Отправить в FacebookОтправить в TwitterОтправить в Vkcom

Августовским вечером в Барселоне после настолько интенсивного ливня, что казалось, будто дождь свисал с неба простынёй, я видел, как во время предсезонного товарищеского матча коренастый Диего Марадона жонглирует и исполняет трюки с мячом. Через два месяца Марадоне исполнится двадцать четыре, а через три года чемпионат мира 1986-го обеспечит ему бессмертие, в том числе и в смысле дурной славы.

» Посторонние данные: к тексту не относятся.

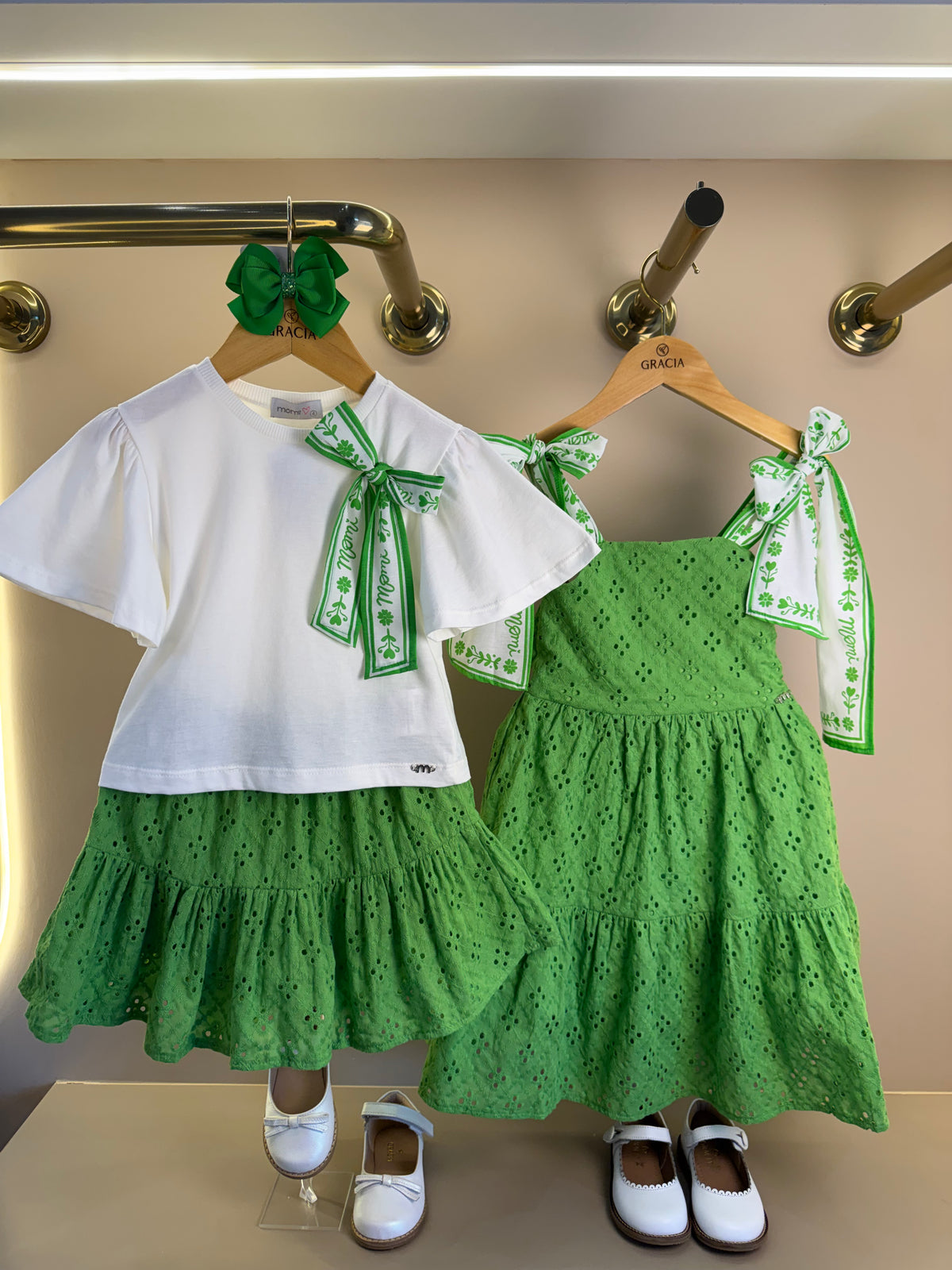 Conjunto Infantil Blusa Laço Estampado e Saia Bordado Verde - Momi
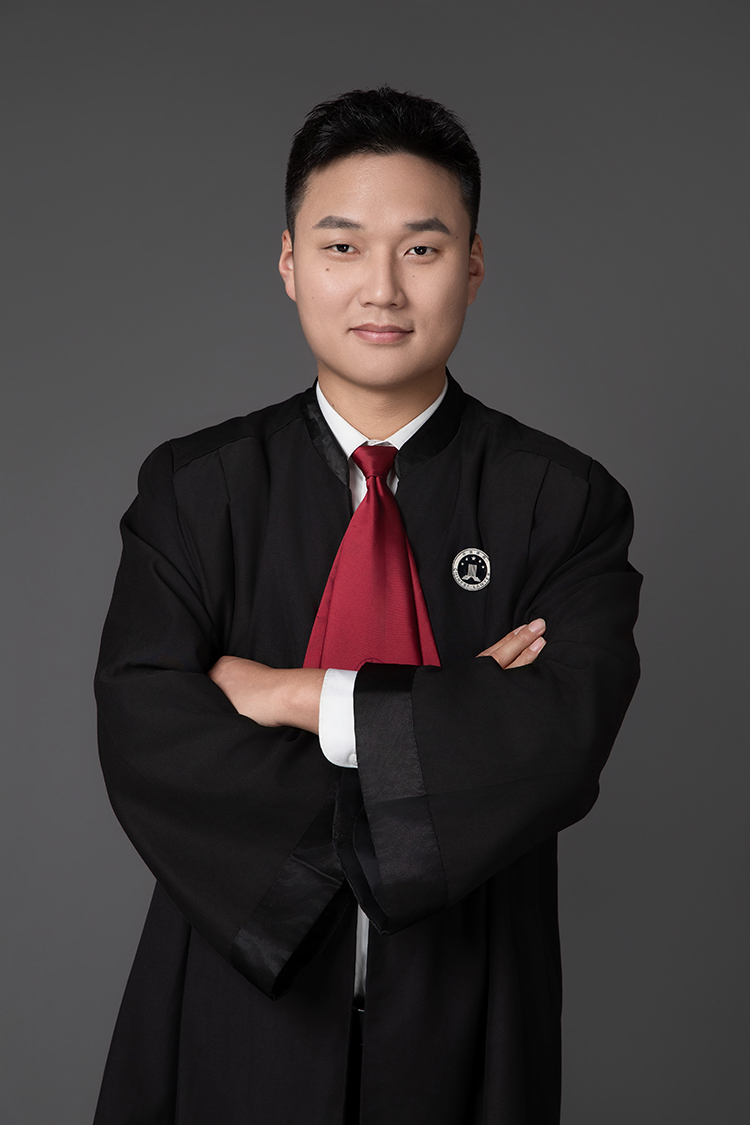 李志明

Я и сейчас вижу его. Он начинает рывок на пятнадцать ярдов по газону «Камп Ноу», слегка подбрасывая мяч носком своей бутсы, так как тот отказывается катиться по залитому водой покрытию. Как будто он совершенно один на всём свете. Белый мяч поблёскивает в свете прожекторов так, словно его тщательно отполировали. Три защитника в красных футболках бросаются на него, но оказываются обыгранными как бы невзначай. Защитники оборачиваются в искреннем изумлении, а после бросаются в бесплодную погоню, словно пытаясь настичь уличного карманника. Уже слишком поздно. Марадона добирается до штрафной и, завершая свой рейд ярким росчерком, он подбрасывает мяч носком в последний раз и с лёта вгоняет его в сетку. Он поднимает левую руку в скромном приветствии. Это та самая рука, которая отправит мяч в сетку мимо Питера Шилтона, та самая рука, которая в конце концов коснётся Кубка мира.

Две субботы подряд в сентябре 1986-го я наблюдал, как «Форест» разносят в пух и прах сначала «Астон Виллу», а потом и «Челси». Пара этих результатов – 6:0 и 6:2 – на бумаге выглядит столь же изящно, что и проходной матч Мартины Навратиловой в первом раунде.

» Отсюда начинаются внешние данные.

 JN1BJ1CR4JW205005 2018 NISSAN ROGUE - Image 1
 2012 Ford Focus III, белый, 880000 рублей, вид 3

Я видел, как «Форест» отыграл два мяча в полуфинале Кубка чемпионов с «Кёльном» на перепаханном поле. Грязь «Сити Граунд» прилипала к бутсам футболистов словно клей, и тем не менее казалось, что Джон Робертсон, Гарри Бёртлз и Тони Вудкок бегут по шёлку. Матч завершился 3:3.

Год спустя, в 1980-м, я видел, как майским вечером в Мадриде в финале с «Гамбургом» «Форест» сохранили Кубок чемпионов. Тяжёлый воздух, небо как стекло. Помню, как потом ненадолго взялся за одну из ручек серебряного трофея, потянувшись к нему так, как малыш с широко раскрытыми глазами пытается дотянуться до яркого шара на рождественской ёлке.

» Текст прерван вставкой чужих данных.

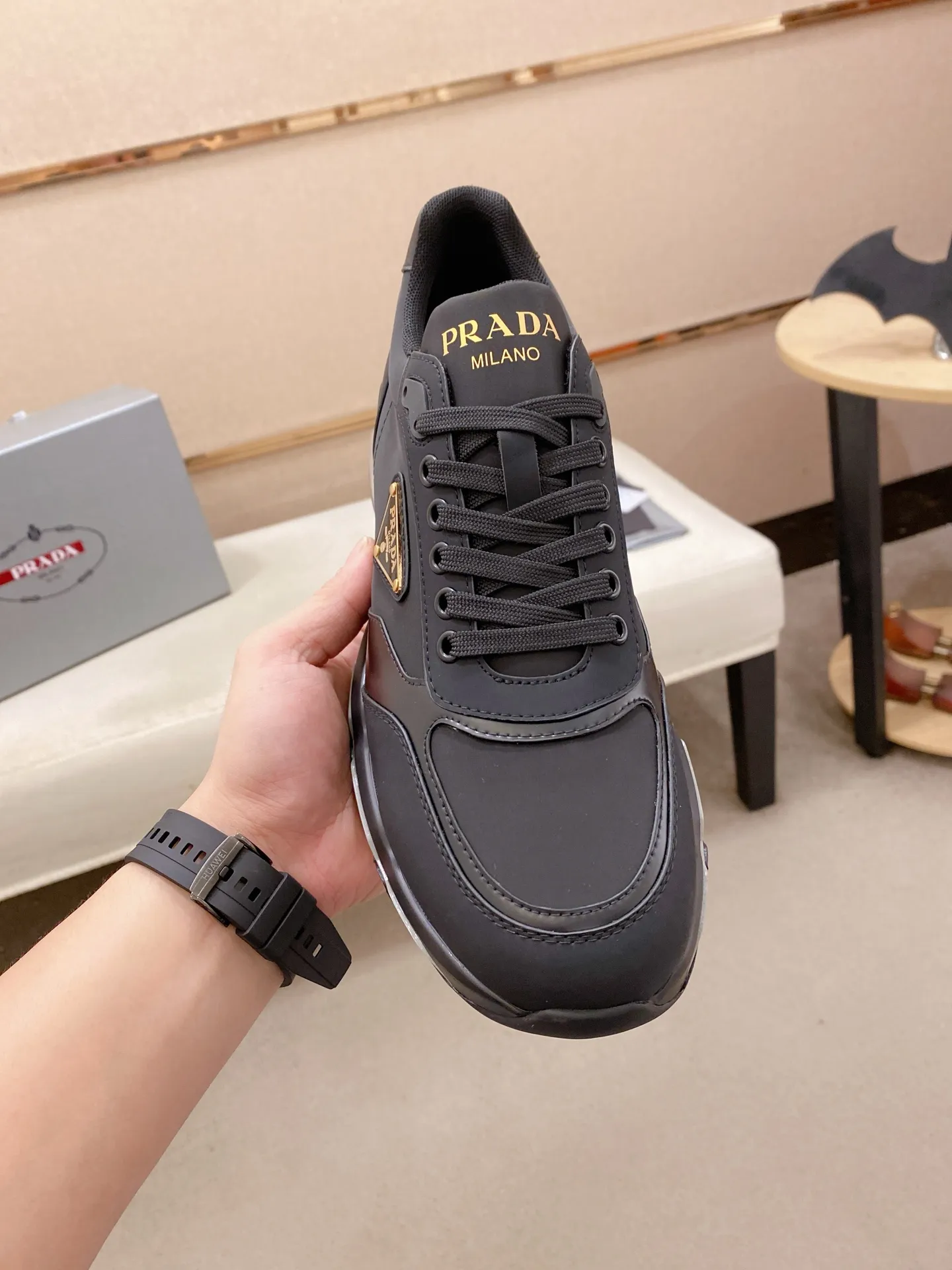 Factory price 640💰 ✔️✔️✔️Higher version High-quality new PRADA (Prada) counters are on the market at the same time. New men's shoes, 😘fabrics imported first-layer cowhide with waterproof materials, purely handmade. Lining: Full cowhide lining. 👍🏿 High-end ☄️ air-cushion molded anti-slip rubber outsole, exquisite lines, simple and elegant, comfortable and high-end for leisure travel. Code number: 38 to 45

Я был там, когда в конце сезона 1985/86 «Форест» играли дома с «Вест Хэмом» и голландец по имени Джонни Метгод – один из тех футболистов, кого я считал другом, – ударил по мячу с такой силой, что мне показалось, что тот лопнет. Метгод пробивал штрафной ярдах в двадцати правее центра ворот. Мяч, как представилось мне, полетел по прямой восходящей линии белого света, пока не оказался в сетке. Трибуны в ошеломлённом неверии на мгновение онемели, а затем начался шум настолько громкий, что едва не лопнули барабанные перепонки.

И каждую субботу я видел мастерство Джона Робертсона, изящество Тревора Фрэнсиса и Мартина О’Нила, а также наблюдал за Питером Шилтоном, который дотягивался до мячей, которые казались недосягаемыми для простых смертных.

Были и минусы. Слишком много времени я провёл в дороге. Ел слишком много еды на вынос и сандвичей в пластиковой упаковке. Сгорбившись под хлещущим дождём на автостоянке, я ждал, пока прыщавый футболист наговорит мне ворох банальностей. Я писал отчёты о матчах ранним холодным утром буднего дня, неистово ослепительный свет лампы в офисе выжигал мне глаза, пылесос ночного уборщика ревел в ушах.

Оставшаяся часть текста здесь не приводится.